**The records**:
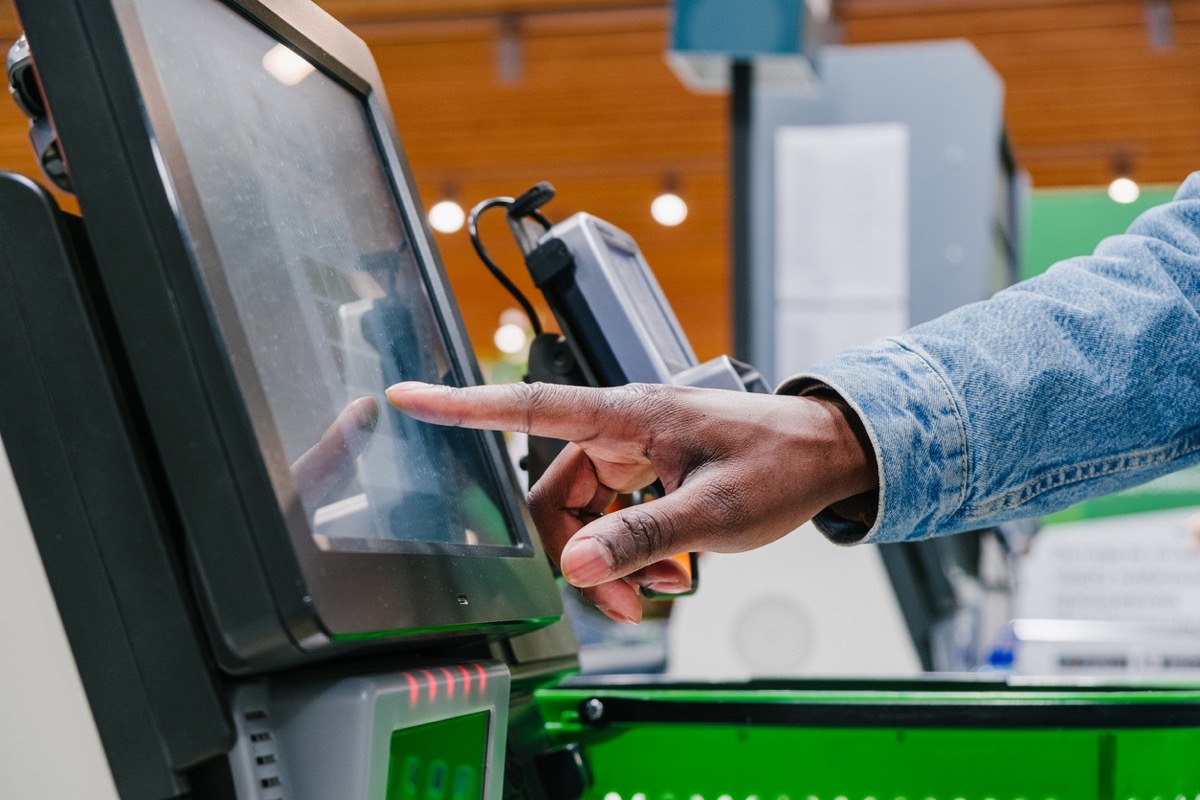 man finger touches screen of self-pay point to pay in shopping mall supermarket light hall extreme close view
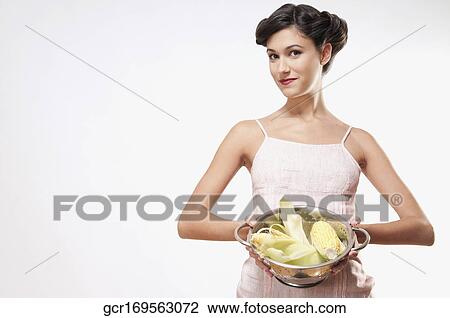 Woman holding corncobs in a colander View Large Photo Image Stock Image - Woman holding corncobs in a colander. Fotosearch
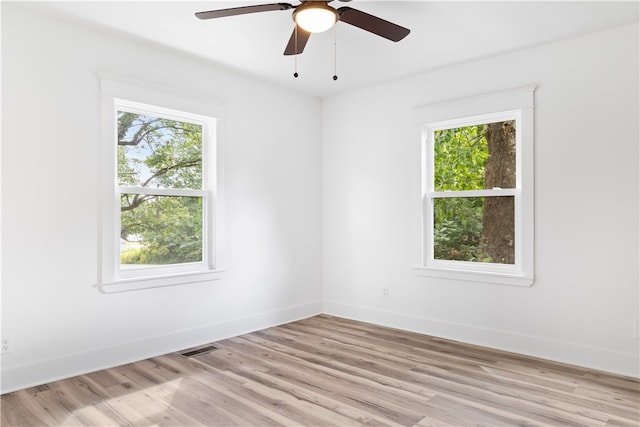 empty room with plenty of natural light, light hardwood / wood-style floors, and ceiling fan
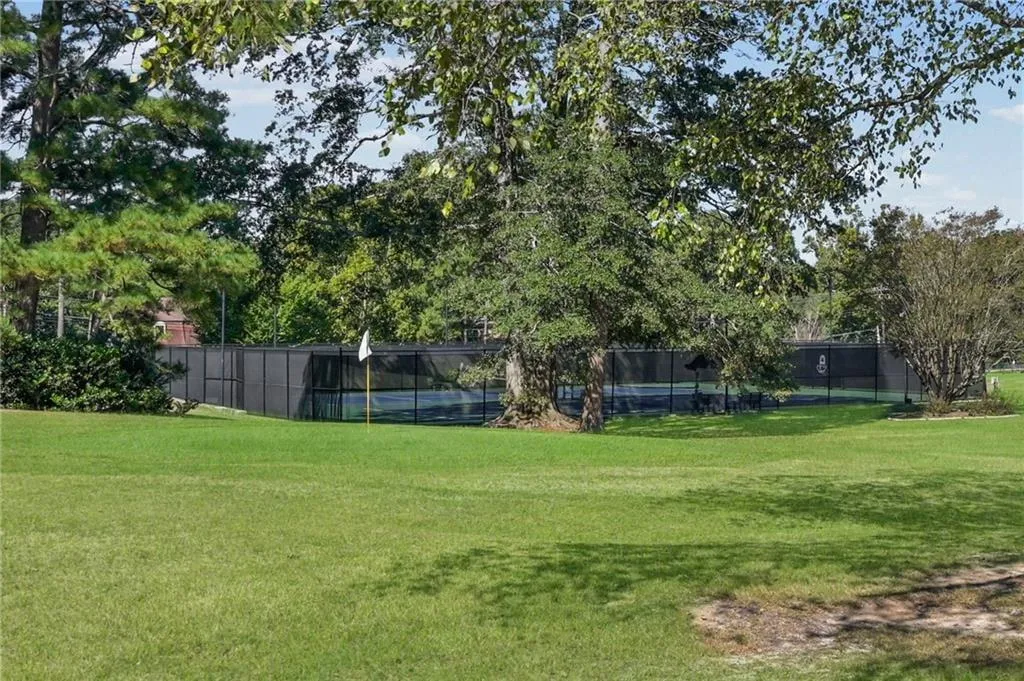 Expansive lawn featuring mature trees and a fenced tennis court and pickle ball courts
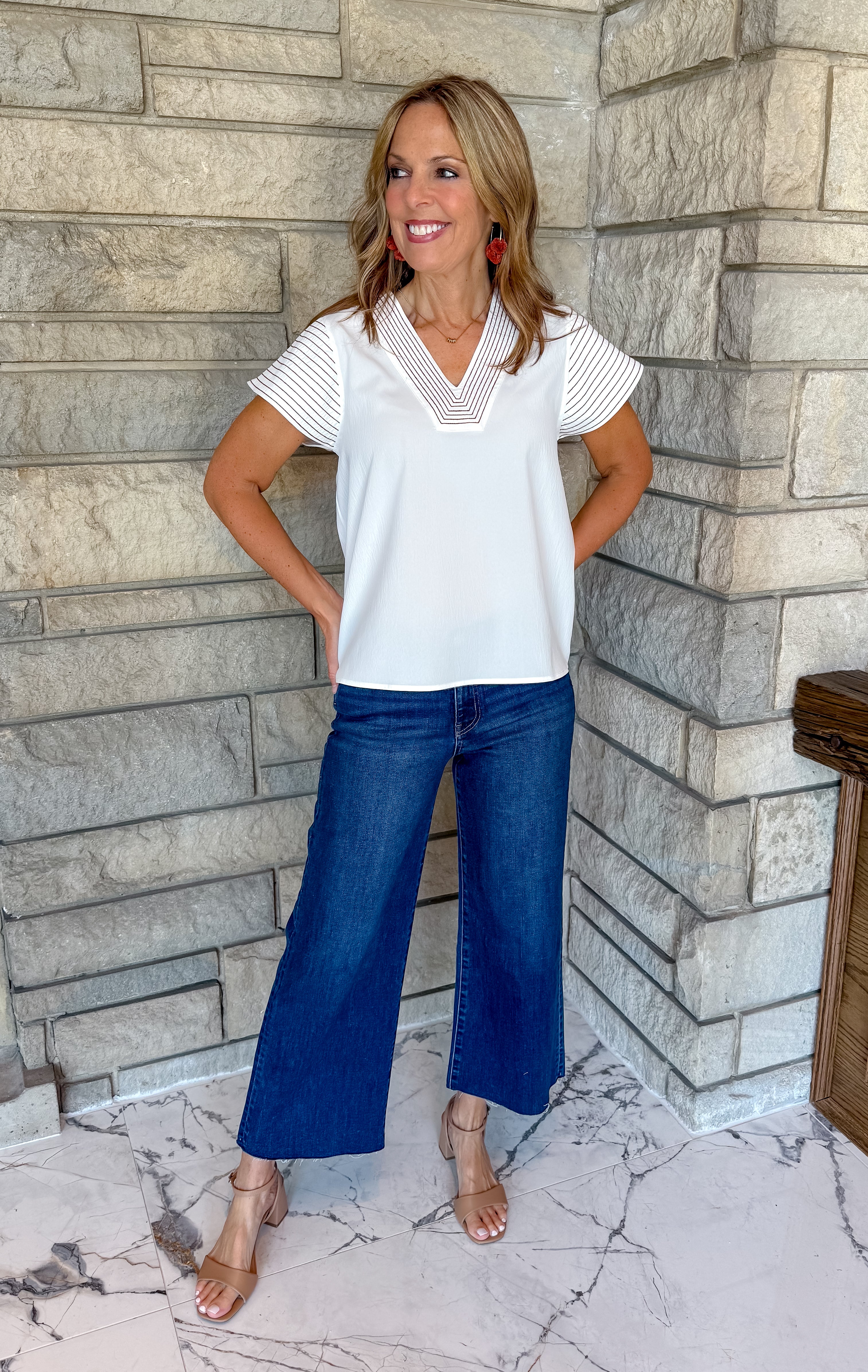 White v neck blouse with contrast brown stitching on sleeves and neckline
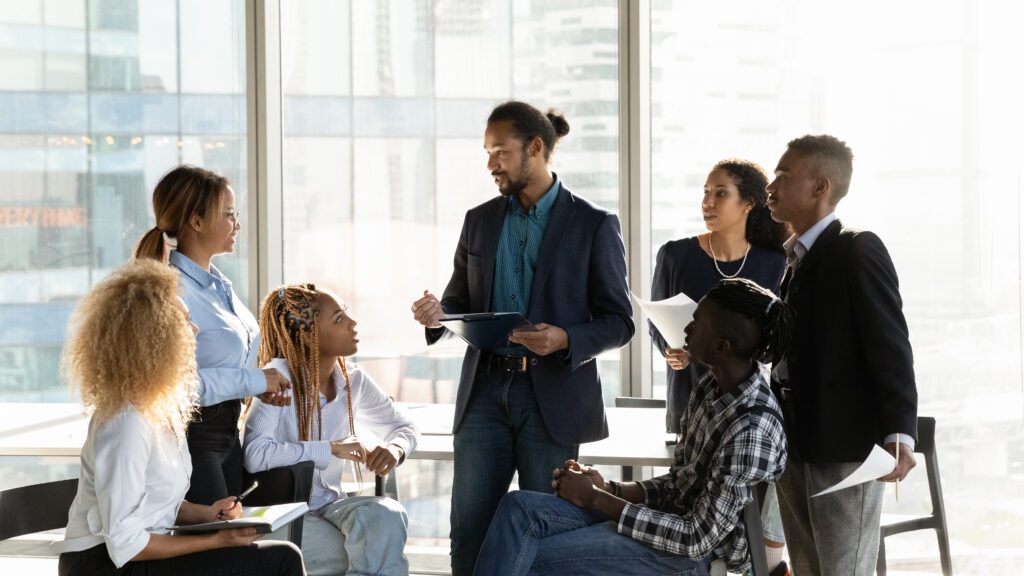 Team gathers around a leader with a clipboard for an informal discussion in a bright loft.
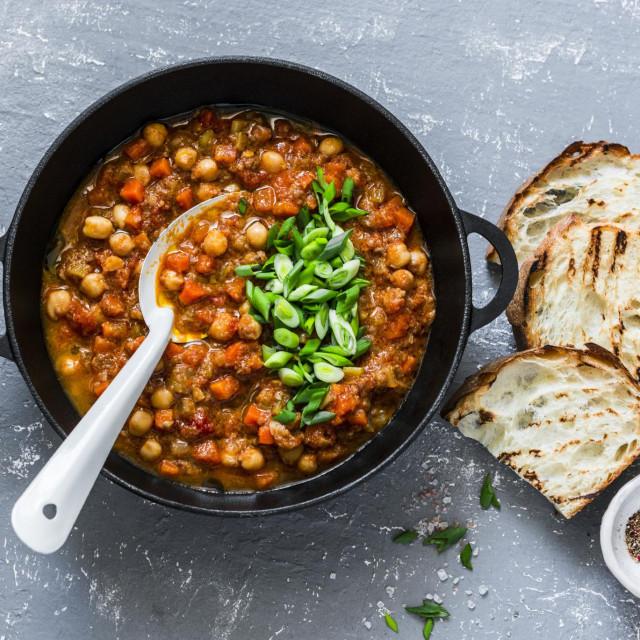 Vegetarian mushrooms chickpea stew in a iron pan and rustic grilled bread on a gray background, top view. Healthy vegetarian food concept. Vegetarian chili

**Directions**: Please set down the lines from the one with "Woman holding corncobs in a colander View" to the end of the entries above, exactly as they are, and drop every picture.

**Reply to the exercise**:
 Woman holding corncobs in a colander View Large Photo Image Stock Image - Woman holding corncobs in a colander. Fotosearch
 empty room with plenty of natural light, light hardwood / wood-style floors, and ceiling fan
 Expansive lawn featuring mature trees and a fenced tennis court and pickle ball courts
 White v neck blouse with contrast brown stitching on sleeves and neckline
 Team gathers around a leader with a clipboard for an informal discussion in a bright loft.
 Vegetarian mushrooms chickpea stew in a iron pan and rustic grilled bread on a gray background, top view. Healthy vegetarian food concept. Vegetarian chili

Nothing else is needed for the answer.